Natural da periferia do Recife, Domitila carrega no corpo e na fala o atravessamento de duas urgências: a da justiça social e a da justiça ambiental. Ela já palestrou em 12 países, foi reconhecida como Influenciadora do Ano em Sustentabilidade pelo WIBA Awards em Cannes, atua como embaixadora das Fronteiras Planetárias nos Jogos Mundiais Universitários FISU 2025 e colabora com o Greenpeace. Mas é a partir de sua vivência nos territórios racializados do Brasil que ela constrói sua crítica mais urgente: sustentabilidade sem compromisso com a equidade é só mais um privilégio pintado de verde.

A face racial do colapso

No Brasil, 85% das pessoas que vivem em áreas de risco ambiental são negras ou pardas, segundo o IBGE. A cada novo desastre, seja no litoral norte de São Paulo, nas encostas do Rio de Janeiro, nas enchentes do Rio Grande do Sul ou nos bairros baixos do Recife, o padrão se repete: as mortes não são apenas causadas pela chuva, mas pela negligência política, pelo racismo estrutural e pela lógica de um país que normaliza a exclusão.

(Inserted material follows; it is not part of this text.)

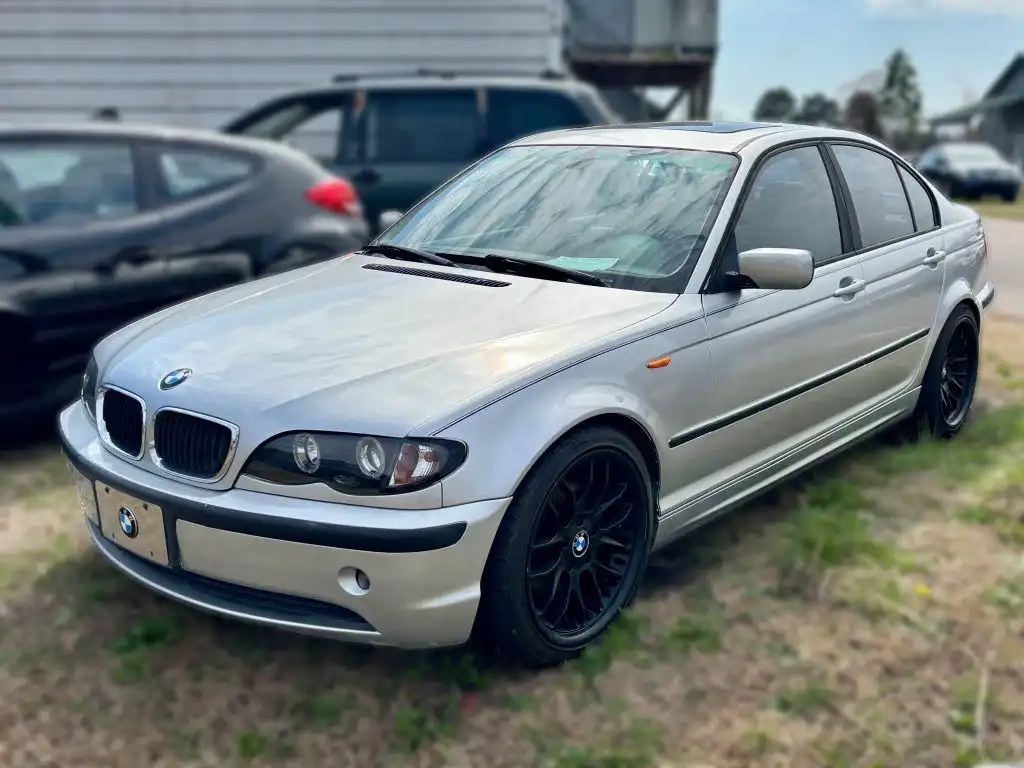 2005 BMW 3 Series 325i's photo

Domitila é direta: “Quem morre nas tragédias ambientais do Brasil é quem sempre foi empurrado para a margem. Não adianta encher os aeroportos de banners sobre biodiversidade se o povo preto continua sendo removido sem política de moradia, se os quilombolas são assassinados e os indígenas são silenciados. A publicidade precisa parar de posar de ambientalista enquanto lucra com o silêncio.”

Com a proximidade da COP30, cresce a pressão para que o Brasil assuma protagonismo na agenda climática global. Mas, internamente, o país enfrenta retrocessos sérios, como a recente aprovação no Senado do PL 2159/2021, conhecido como PL da Devastação, que desmonta o licenciamento ambiental e abre caminho para obras e empreendimentos em áreas sensíveis sem avaliação adequada de impacto.

“Ao mesmo tempo que diz liderar a pauta ambiental, o Brasil afrouxa leis que protegem biomas e ignora as vozes das comunidades tradicionais. Isso é greenwashing institucional. E muitas marcas embarcam nesse discurso superficial porque é mais fácil vender utopia do que encarar a verdade: não existe futuro possível sem reparação histórica e redistribuição de poder”, critica Domitila.

Na visão da ativista, a publicidade brasileira, especialmente a de grandes marcas, tem sido covarde. “Estamos em 2025, às vésperas da COP30, e ainda vemos campanhas genéricas sobre sustentabilidade, com slogans recicláveis, mas práticas descartáveis. Onde estão os quilombolas nas campanhas? Onde estão os catadores? Onde estão os corpos reais que fazem a economia circular girar neste país?”

Ela lembra que a publicidade ajudou a construir símbolos de consumo, beleza e pertencimento no Brasil e, por isso, tem o dever de desconstruí-los. “Não é sobre vender produtos ecológicos a quem pode pagar. É sobre devolver dignidade a quem sempre sustentou esse país com trabalho invisível. É sobre quem a marca escolhe colocar no centro da história ou deixar de fora dela.”

Rastreabilidade é poder

Para Domitila, marcas que desejam ocupar espaço com coerência na COP30 precisam mais do que presença institucional. Precisam fazer autocrítica, rever cadeia de produção, abrir os bastidores e garantir rastreabilidade ética. “Não adianta estar na COP com tenda climatizada se não sabe dizer quem costurou seu uniforme, quem colheu o que você serve no coquetel, ou onde vai parar seu lixo. O consumidor negro e periférico está atento. A era da ingenuidade passou.” Ela afirma que regeneração é o novo prestígio. “Saber de onde vem, para onde vai, com que impacto… Tudo isso é status. E se a publicidade não entender isso agora, vai ficar obsoleta.”

Domitila encerra com uma provocação direta ao mercado: “Não é mais tempo de influenciar sem responsabilidade. Celebridades, agências e empresas precisam decidir de que lado da história vão estar. O mundo está observando. E as periferias também”.